Download or read book Morta Las Vegas written by Nathaniel Lewis and published by U of Nebraska Press. This book was released on 2017-11-01 with total page 296 pages. Available in PDF, EPUB and Kindle. Book excerpt: Cover -- Title Page -- Copyright Page -- Contents -- List of Illustrations -- Acknowledgments -- Introduction -- 1. The Problem of the Past -- 2. The Problem of Space and Place -- 3. The Problem of Aesthetics -- 4. The Problem of the [Uncanny] West -- Conclusion -- "Just Another Day in Paradise"--Source Acknowledgments -- Notes -- Bibliography -- Index
Download or read book Blood Meridian written by Cormac McCarthy and published by Vintage. This book was released on 2010-08-11 with total page 349 pages. Available in PDF, EPUB and Kindle. Book excerpt: 25th ANNIVERSARY EDITION • From the bestselling author of The Passenger and the Pulitzer Prize–winning novel The Road: an epic novel of the violence and depravity that attended America's westward expansion, brilliantly subverting the conventions of the Western novel and the mythology of the Wild West. Based on historical events that took place on the Texas-Mexico border in the 1850s, Blood Meridian traces the fortunes of the Kid, a fourteen-year-old Tennesseean who stumbles into the nightmarish world where Indians are being murdered and the market for their scalps is thriving. Look for Cormac McCarthy's latest bestselling novels, The Passenger and Stella Maris.

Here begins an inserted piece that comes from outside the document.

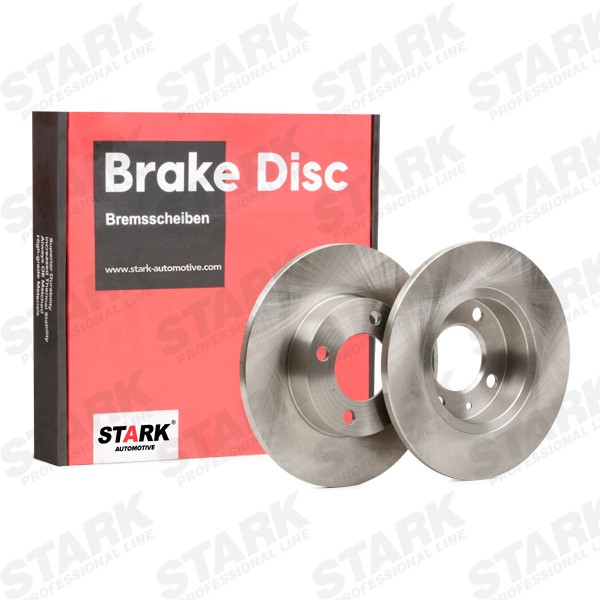 STARK Brake rotors SKBD-0022843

Download or read book The English Literature Companion written by Julian Wolfreys and published by Bloomsbury Publishing. This book was released on 2017-09-16 with total page 336 pages. Available in PDF, EPUB and Kindle. Book excerpt: What does it mean to study English Literature? Have can you navigate and get the most from your degree? The English Literature Companion is your comprehensive introduction to, and exploration of, the discipline of English and Literary Studies. It is your advisor on key decisions, and your one-stop reference source throughout the course. It combines: - A wide-ranging introduction to the nature, breadth and key components of the study of English Literature - Essays by experts in the field on key topics, periods and critical approaches - A glossary of critical terms and a chronology of literary history - Guidance about study skills, from using your time effectively to the practical mechanics of writing essays - Extensive signposting to wider reading and further sources of information - Advice on key decisions taken during a degree and on subsequent career direction and further study Giving you the foundation and resources you need for success in English Literature, this book is essential pre-course reading and will be an invaluable reference resource throughout your degree.